- _INSTRUCTIONS FOR THE TASK_
Apart from the images, reproduce all of the data word for word.

- _INPUT DATA_
########

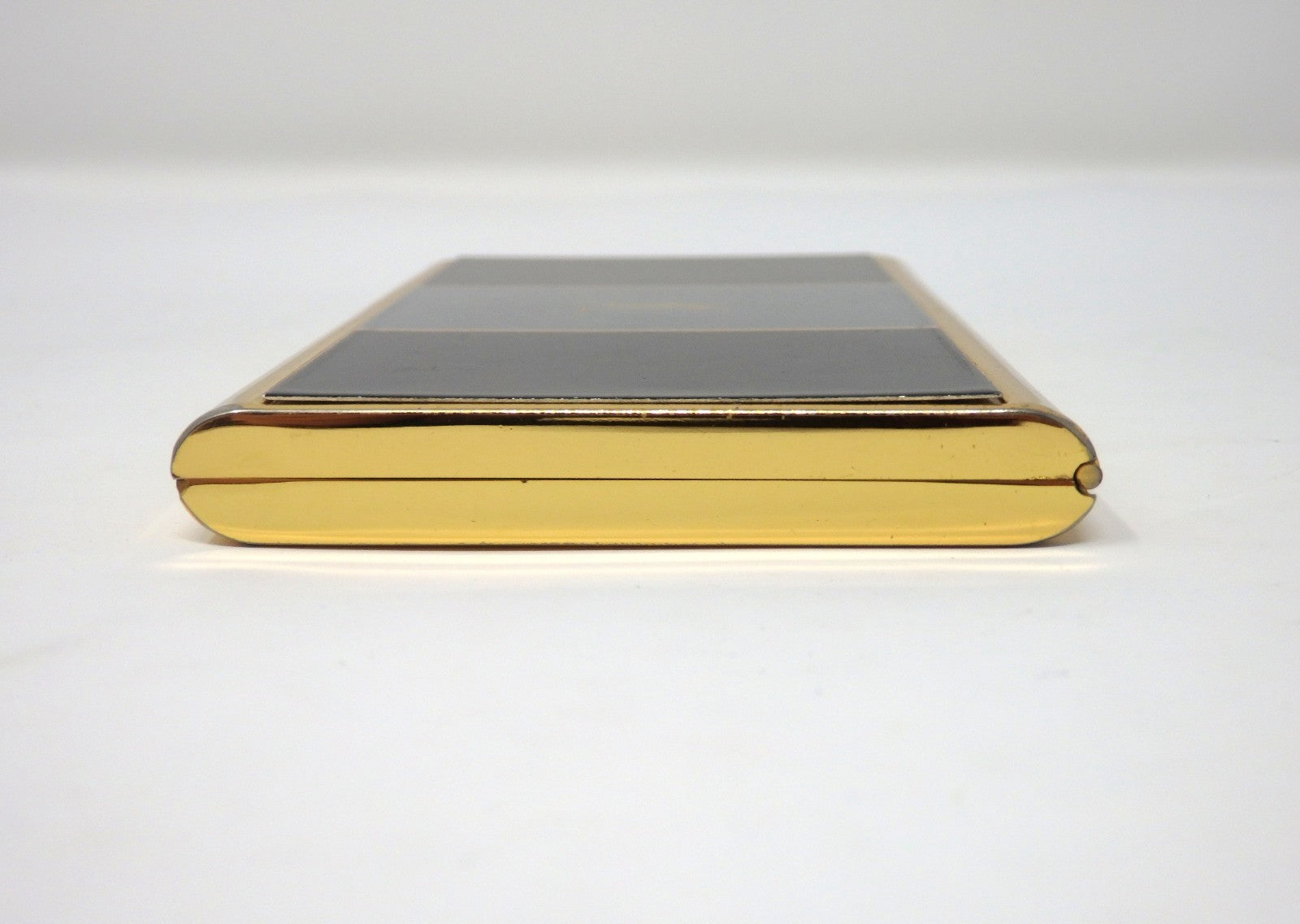 YVES SAINT LAURENT YSL Logo Vintage Cigarette Holder Card Case Gold Black Gray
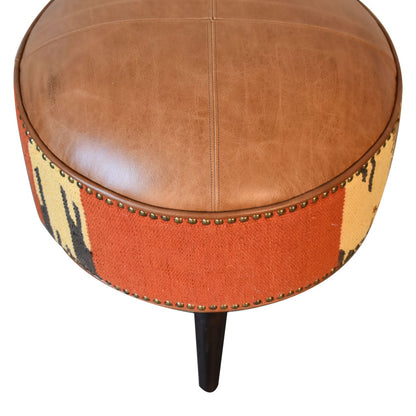 durrie leather mixed footstool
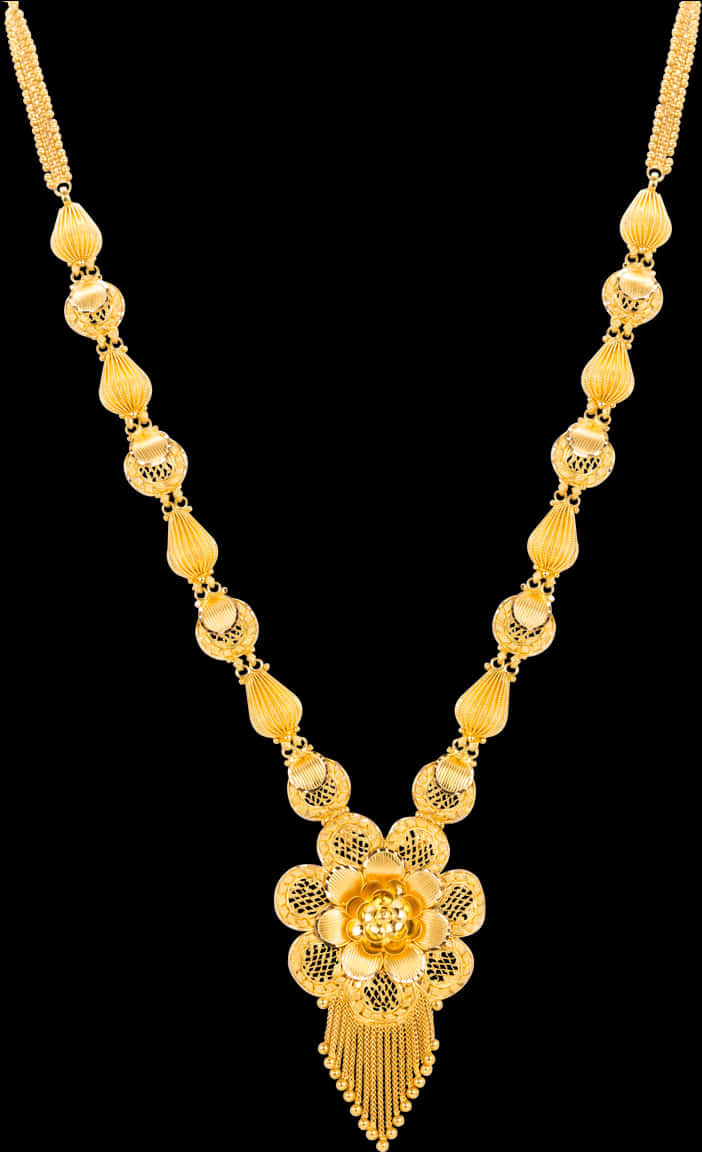 Elegant Gold Floral Pendant Necklace PNG image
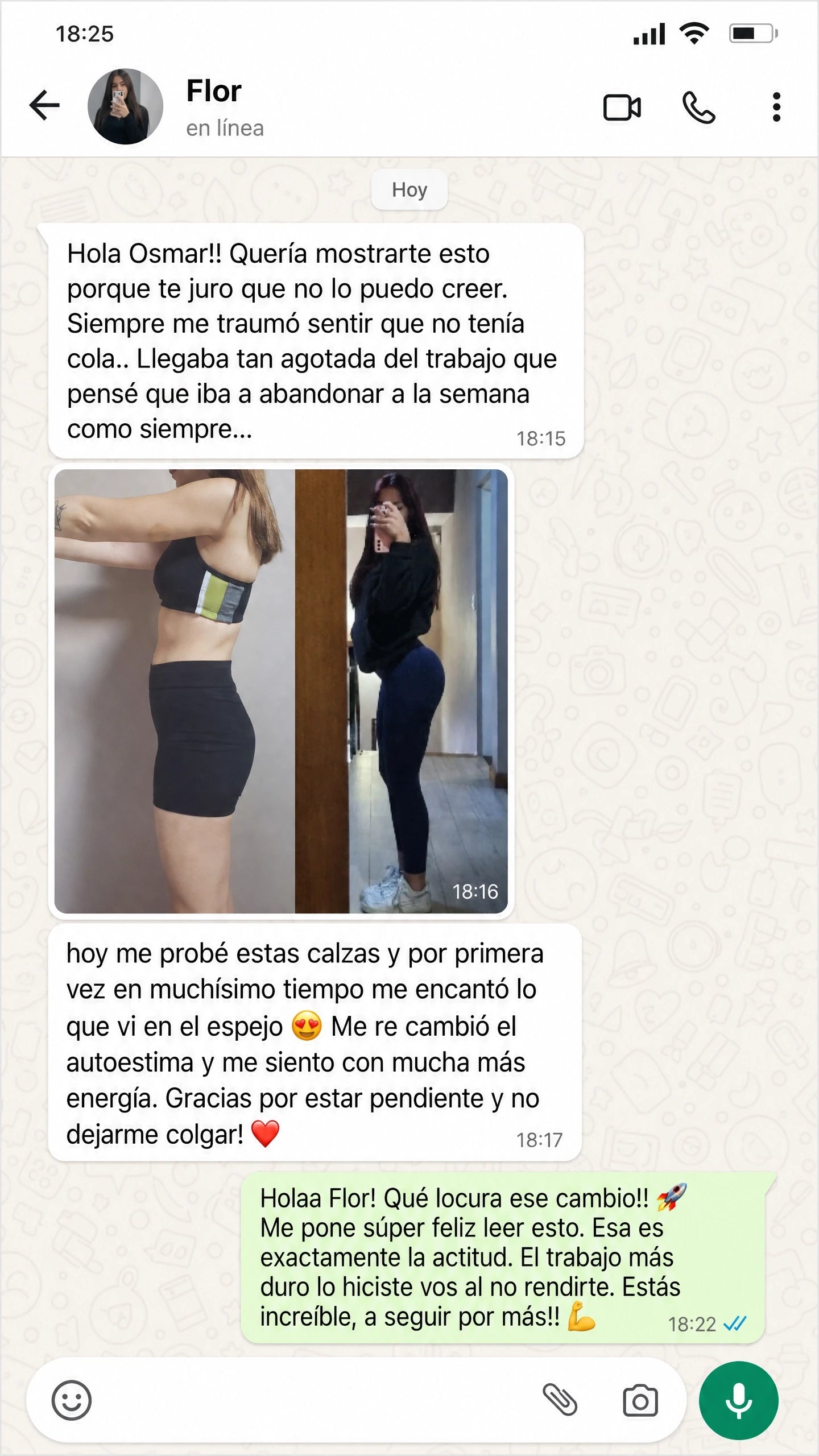 Testimonio de Flor por WhatsApp
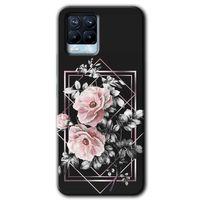 BeRa Aksesuar Realme 8 Pro Kılıf Baskılı Kapak - Retro Çiçek 1 +Tam Kaplayan Mat Seramik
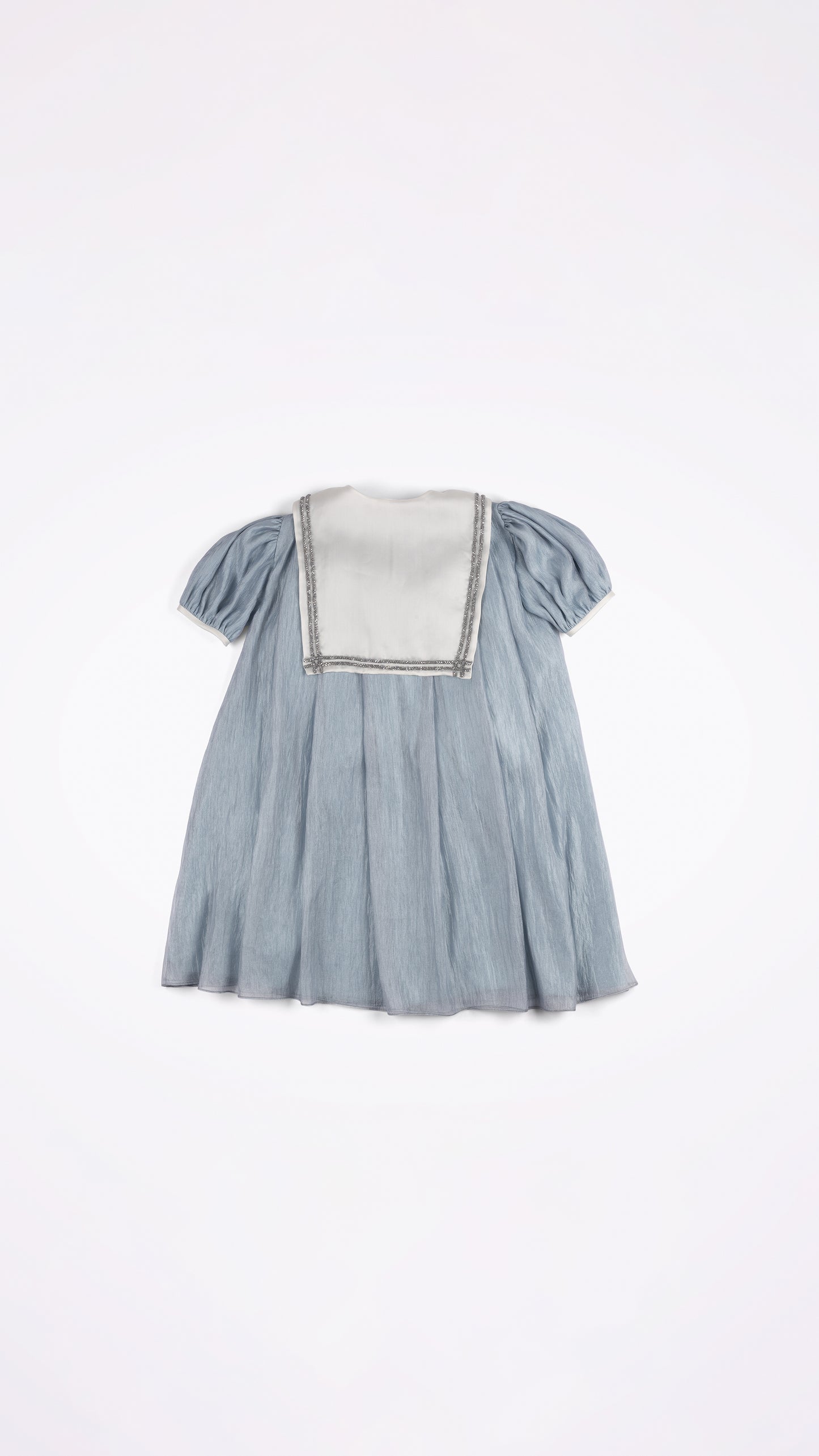 EMBELLISHED SAILOR COLLAR DETAIL PLEATED DRESS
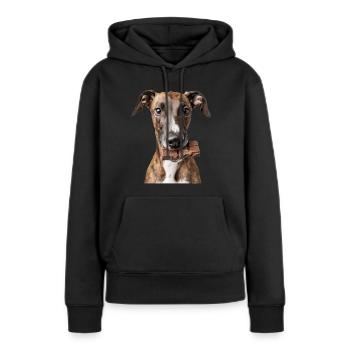 Lévrier - Sweat à capuche Premium bio Femme - noir - Devant - Julia (174cm)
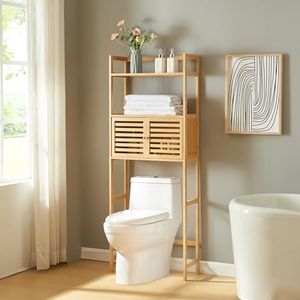 [en.casa] Ombouwkast Haugesund voor toilet 158x60x26 cm badkamerkast met plank vrijstaand staand rek bamboe naturel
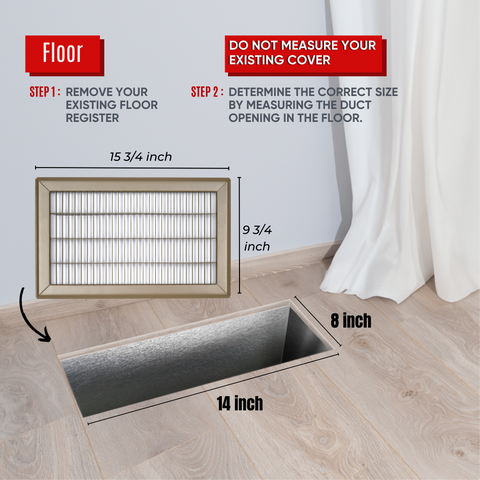 8"x14" Brown Steel Return Air Floor Grille, Walkable Heavy-Duty Fixed-Blade Vent Cover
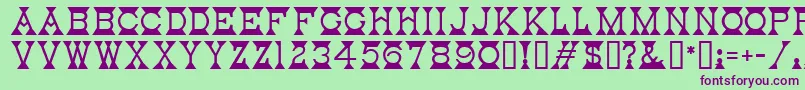 MantelMf Font – Purple Fonts on Green Background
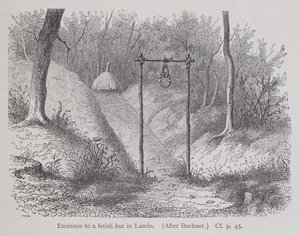 Wejście do chaty fetyszystycznej w Lunda, z Historii ludzkości, tom 1, autorstwa prof. Friedricha Ratzela, 1896 autorstwa English School
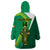 (Custom Text And Number) Ireland Rugby 7s Celtic Cross Shamrock Wearable Blanket Hoodie - Wonder Print Shop
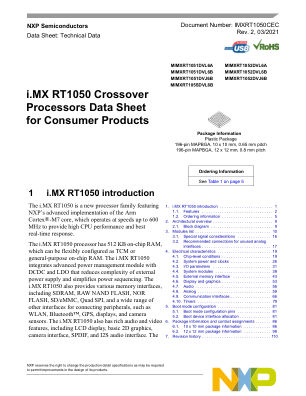 IMXRT1050CEC 数据手册首页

########

- _RESULT_
 YVES SAINT LAURENT YSL Logo Vintage Cigarette Holder Card Case Gold Black Gray
 durrie leather mixed footstool
 Elegant Gold Floral Pendant Necklace PNG image
 Testimonio de Flor por WhatsApp
 BeRa Aksesuar Realme 8 Pro Kılıf Baskılı Kapak - Retro Çiçek 1 +Tam Kaplayan Mat Seramik
 EMBELLISHED SAILOR COLLAR DETAIL PLEATED DRESS
 Lévrier - Sweat à capuche Premium bio Femme - noir - Devant - Julia (174cm)
 [en.casa] Ombouwkast Haugesund voor toilet 158x60x26 cm badkamerkast met plank vrijstaand staand rek bamboe naturel
 8"x14" Brown Steel Return Air Floor Grille, Walkable Heavy-Duty Fixed-Blade Vent Cover
 MantelMf Font – Purple Fonts on Green Background
 Wejście do chaty fetyszystycznej w Lunda, z Historii ludzkości, tom 1, autorstwa prof. Friedricha Ratzela, 1896 autorstwa English School
 (Custom Text And Number) Ireland Rugby 7s Celtic Cross Shamrock Wearable Blanket Hoodie - Wonder Print Shop
 IMXRT1050CEC 数据手册首页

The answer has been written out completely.